Scaling Laws for Neural Language Models
Kaplan, McCandlish, Henighan et al. · OpenAI
A 2020 OpenAI paper that replaced intuition with equations, turning 'bigger might be better' into a quantitative roadmap that redirected billions of dollars of compute investment.
“Performance has a power-law relationship with each of the three scale factors N, D, C when not bottlenecked by the other two, with trends spanning more than six orders of magnitude.”
— Kaplan et al., Scaling Laws for Neural Language Models, 2020, Abstract
The paper's core claim is deceptively simple: the test loss of a language model — its raw predictive performance — follows smooth power laws as you increase model parameters (N), training tokens (D), or compute budget (C). These are not vague trends; the authors fit precise exponents across more than six orders of magnitude of scale, from tiny models trained on tiny data to the largest experiments OpenAI had run at the time. The claim is that the relationship is so regular, so predictable, that you can extrapolate forward: if you know where you are on the curve today, you can calculate where a model ten times larger will land before you spend a dollar building it.

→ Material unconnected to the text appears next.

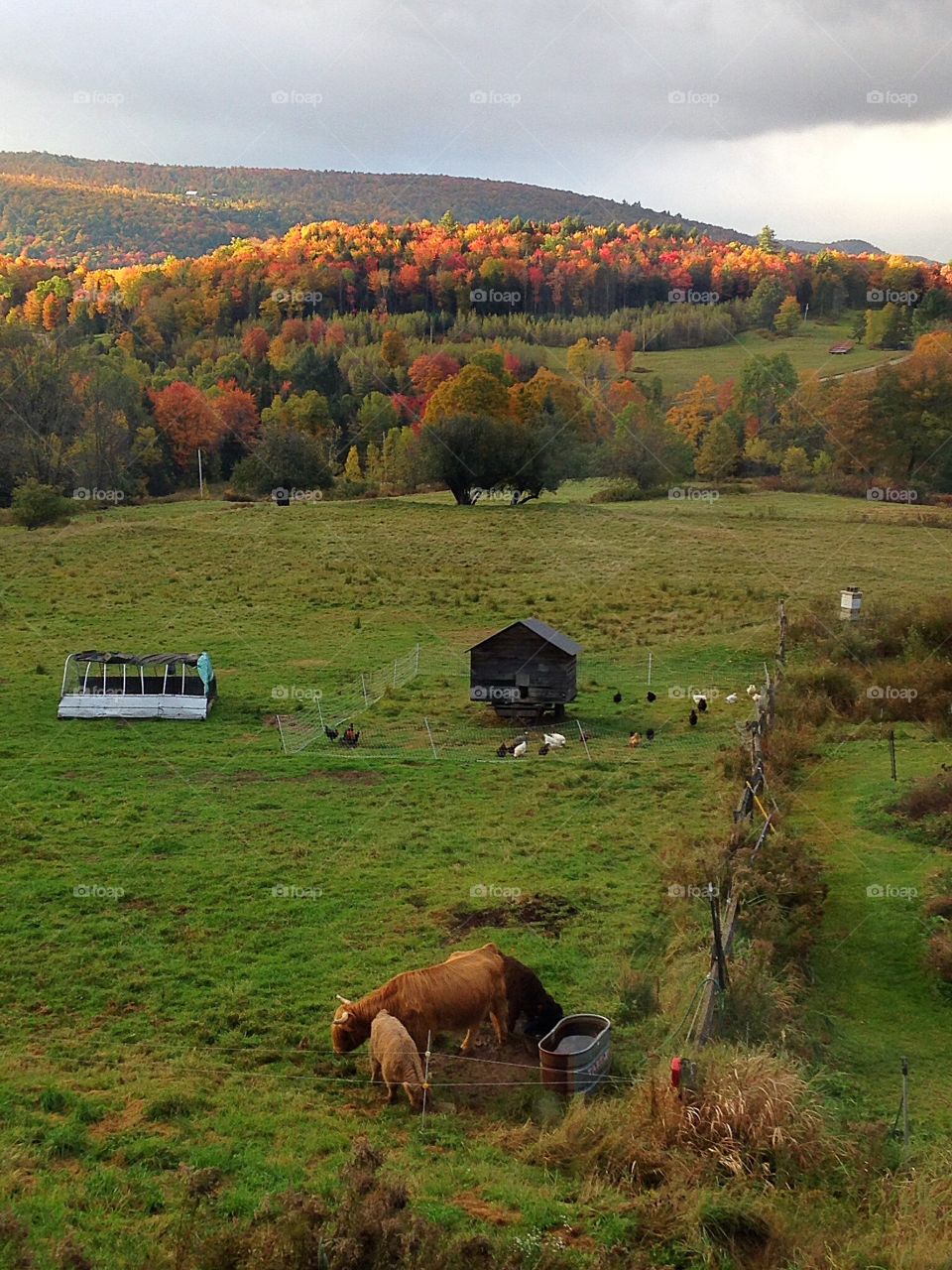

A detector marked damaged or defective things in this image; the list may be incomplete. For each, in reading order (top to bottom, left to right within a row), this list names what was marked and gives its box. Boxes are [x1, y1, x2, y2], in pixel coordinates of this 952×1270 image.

The practical implication the paper draws from these laws is a prescription for resource allocation. Given a fixed compute budget, the optimal strategy is not to train the largest model you can to convergence — it is to train a somewhat smaller model on substantially more data, stopping well before convergence. The authors derive a specific formula: compute-optimal training allocates roughly equal 'scaling weight' between parameters and tokens. This was a direct rebuttal to the implicit prior in the field, which had been to maximize parameter count and train until the loss stopped moving. The paper replaced an informal rule of thumb with a mathematical argument.
Key Facts
- The paper was posted to arXiv on January 23, 2020, before GPT-3 was published, making it a methodological foundation for that model's design.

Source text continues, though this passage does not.